Priester vieler Religionen sind zur Ehelosigkeit verpflichtet, nicht weil die Ehe in ihrem höchsten Sinn sie herabziehen würde, sondern weil die Frau eines wahren Priesters, das heißt, eines fast divinen Menschen, als sein spirituelles Teil gar nicht mehr auf der sichtbaren Seite des Lebens steht – von drüben aber sendet sie ihm die Inspirationen seiner Seele. Würde dieser Mann mit einer anderen Frau eng durch Bande verknüpft werden, so wäre das eine Wand, – ein gröberes Element, das ihn von seiner priesterlichen Genossin schiede: seiner wahren Frau, mit der er in irgendeiner Form der Existenz wieder vereint werden soll. Es ist Menschen und menschlichen Gesetzen unmöglich, solche zu trennen, die von Ewigkeit wahrhaft füreinander bestimmt sind.

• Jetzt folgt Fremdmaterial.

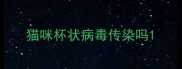 猫咪杯状病毒传染吗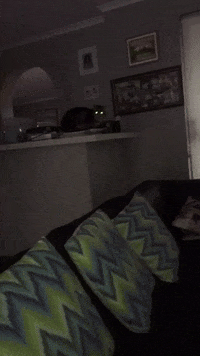 Odie GIF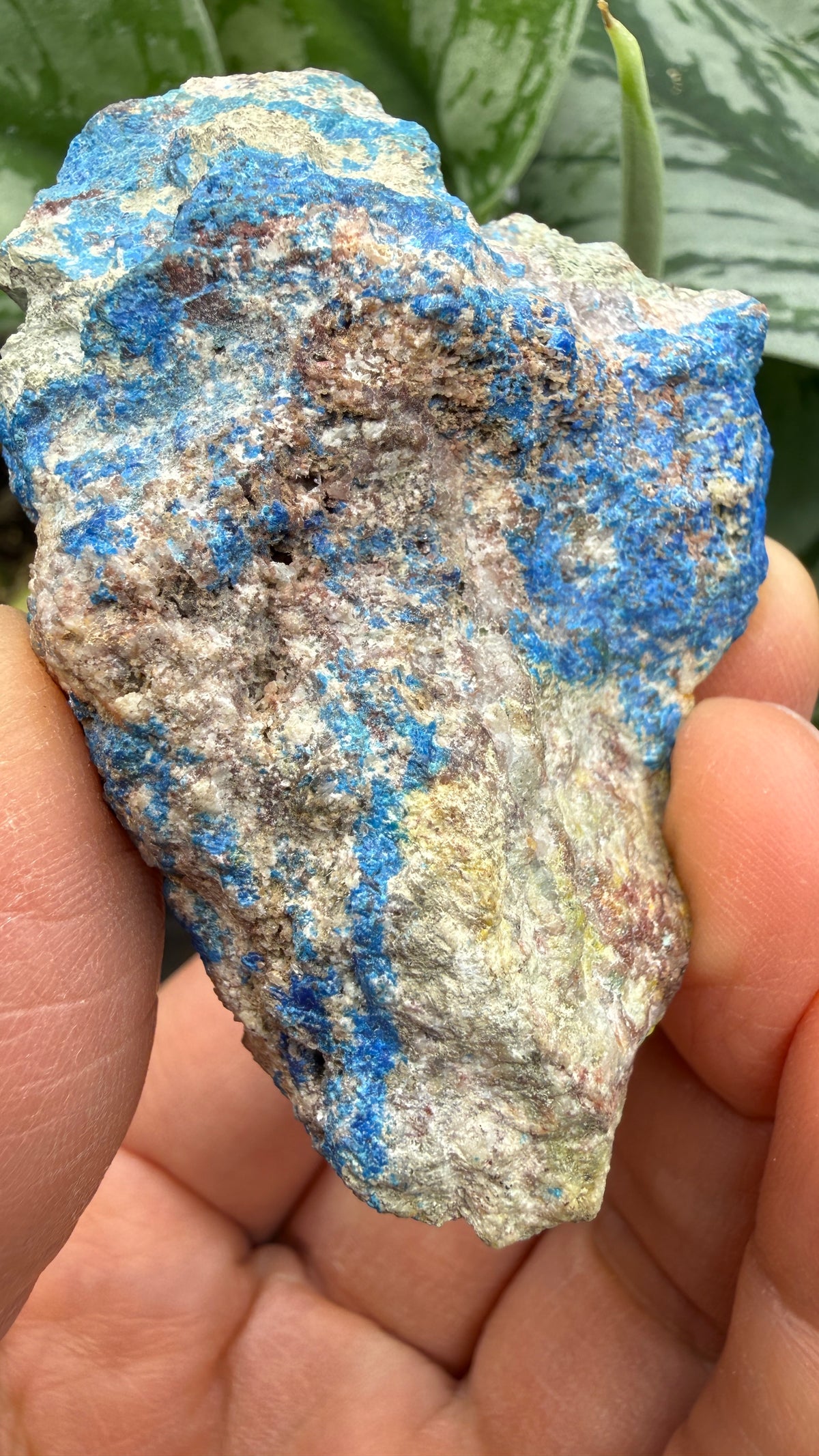 Linarite & Diaboleite- Mammoth-Saint Anthony Mine, St. Anthony deposit, Tiger, Mammoth Mining, Pinal Co, Arizona, USA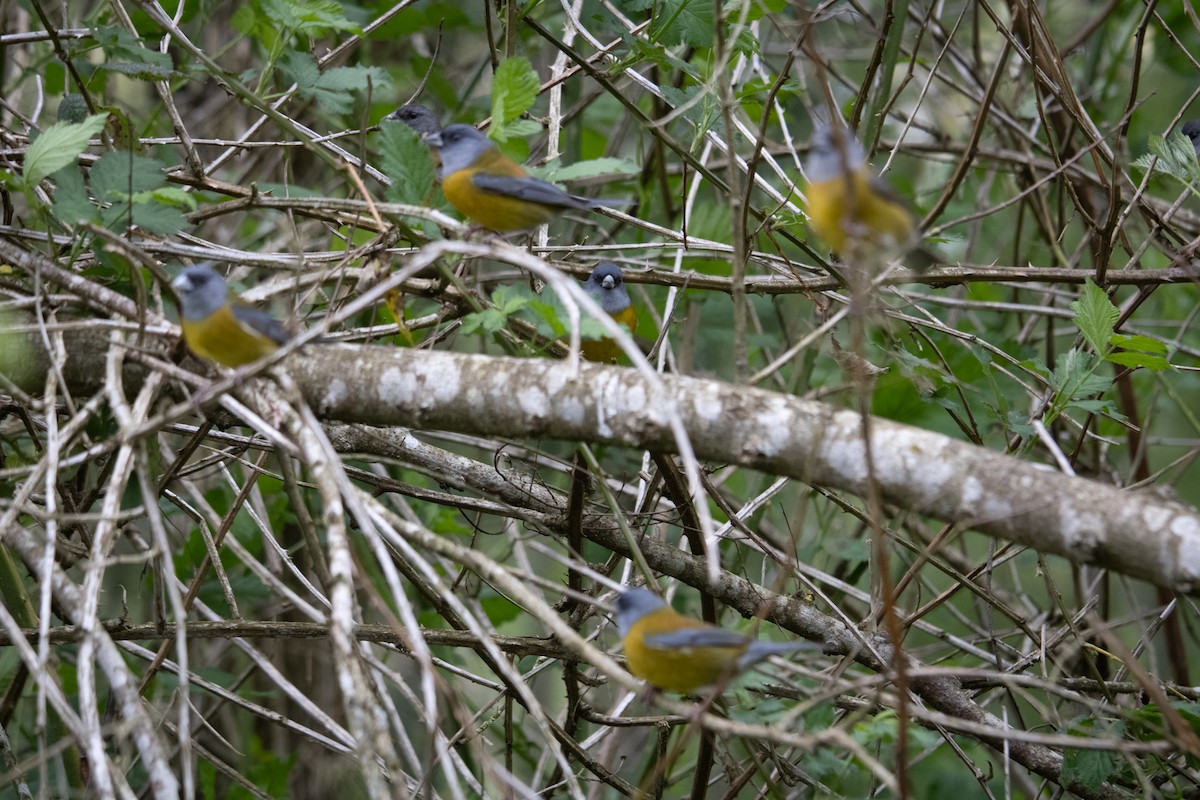 Patagonian Sierra Finch - ML642865470
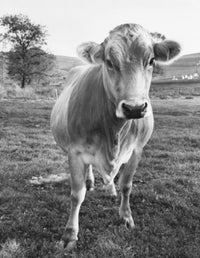 Brown Swiss Cow in a Field Fine Art Print
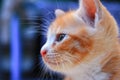 Kitten portrait orange-red, small cat cute select focus with shallow depth of field Royalty Free Stock Photo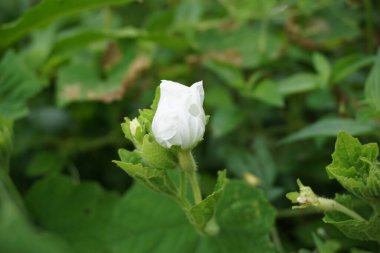 Gymnopetalum cochinchinense (ayrıca kanjat, buah lapang, kisik utan olarak da bilinir) doğal bir geçmişi vardır.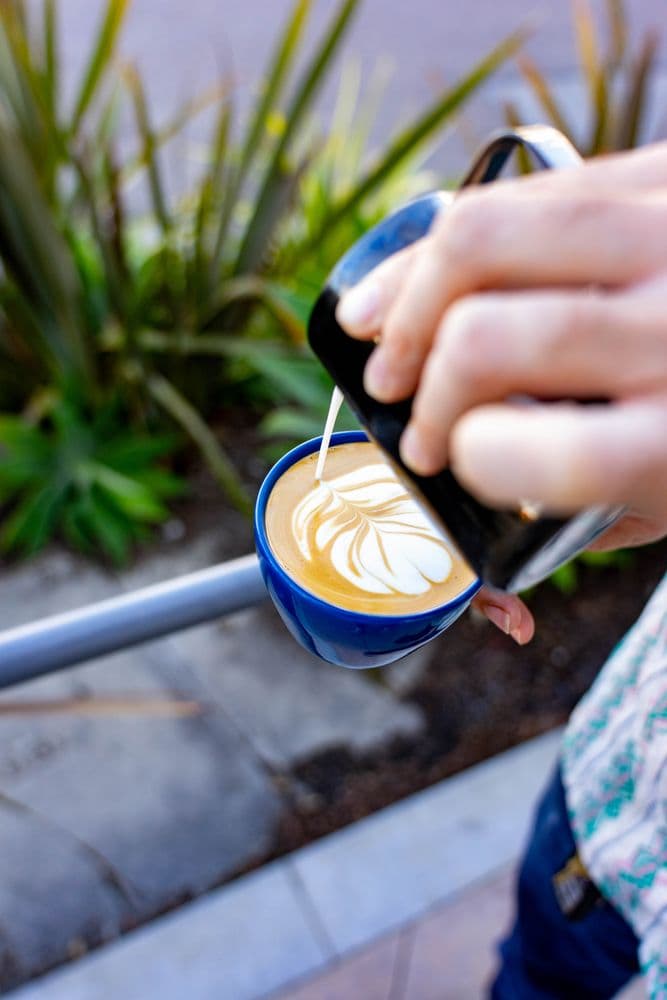 Endless Quest Roasters — Laguna Beach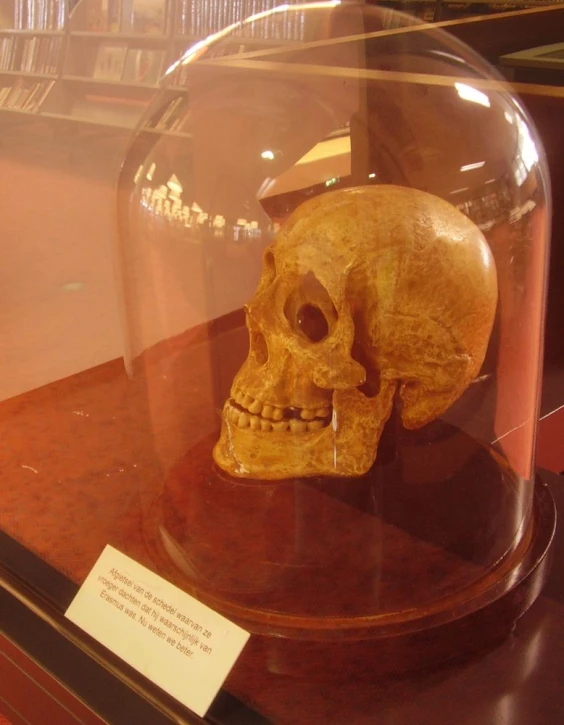 a wooden object under a glass dome on display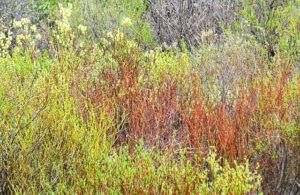 spring textures (A Walk around the Wetlands at Ginty Creek)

Es gehört zu den Möglichkeiten des Seins, dass von zwei wahren Gatten der eine inkarniert ist, während der andere vielleicht eine Existenz im Unsichtbaren führt. Vielleicht wird die Zukunft eine Möglichkeit erkennen, wie durch unablässiges Verschmelzen der Gedanken zwischen solchen Getrennten selbst eine reale Berührung zustande kommen könnte. Würde der Mann eine tiefe Relation im Leben mit einer anderen Frau eingehen, so würde ihn das immer weiter von seinem ewigen Gemahl trennen; es wäre eine neue Schranke zwischen ihm und ihr. Erst viele Inkarnationen später würde er vielleicht die spirituelle Klarheit erlangen, diejenige zu erkennen, die ihm wahrhaft bestimmt ist.